>>>
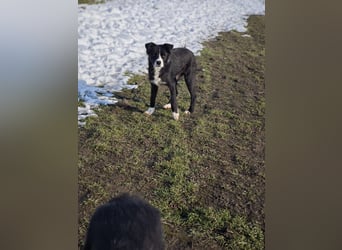 Wolfi, Rüde, *ca. 10.11.2023, ca. kniehoch, menschenbezogen, sozial, freundlich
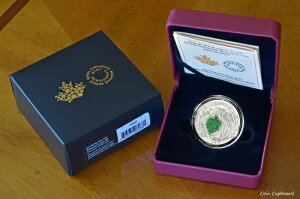 2017N 20h Ji_Y ̗tƃhD[W[Xg[ 1IX .9999 Vo[ v[t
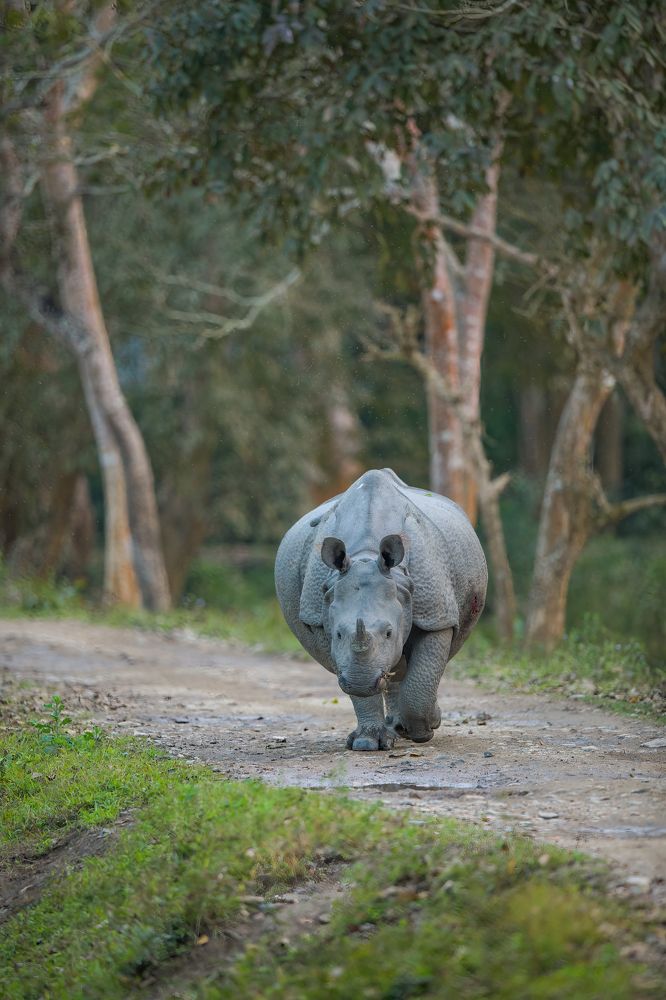 My way across the highway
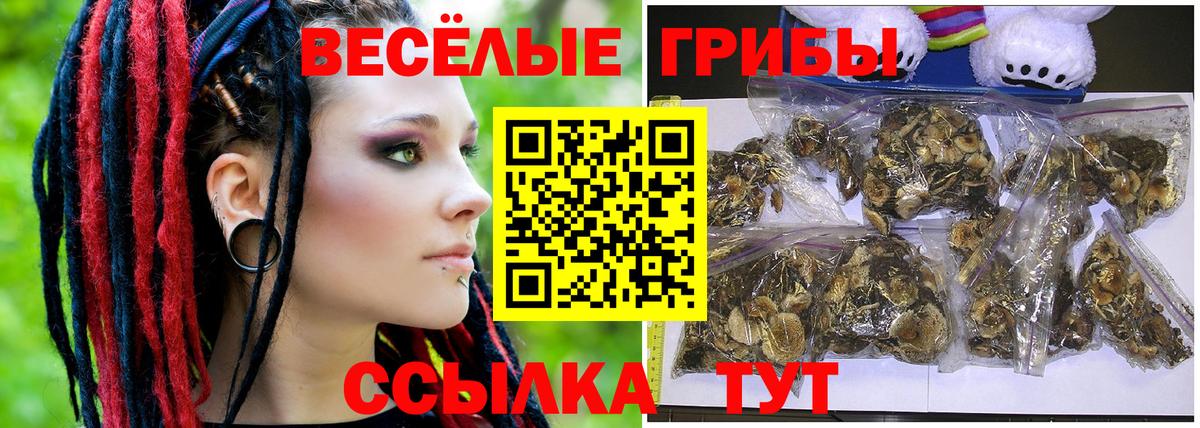 Галлюциногенные грибы мухоморы  Псилоцибиновые грибы мицелий  Вход с VPN  Воткинск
<<<
:: ACTIVITY ::
With the pictures removed, return the full listing exactly as given.

:: REPLY ::
 Wolfi, Rüde, *ca. 10.11.2023, ca. kniehoch, menschenbezogen, sozial, freundlich
 2017N 20h Ji_Y ̗tƃhD[W[Xg[ 1IX .9999 Vo[ v[t
 My way across the highway
 Галлюциногенные грибы мухоморы  Псилоцибиновые грибы мицелий  Вход с VPN  Воткинск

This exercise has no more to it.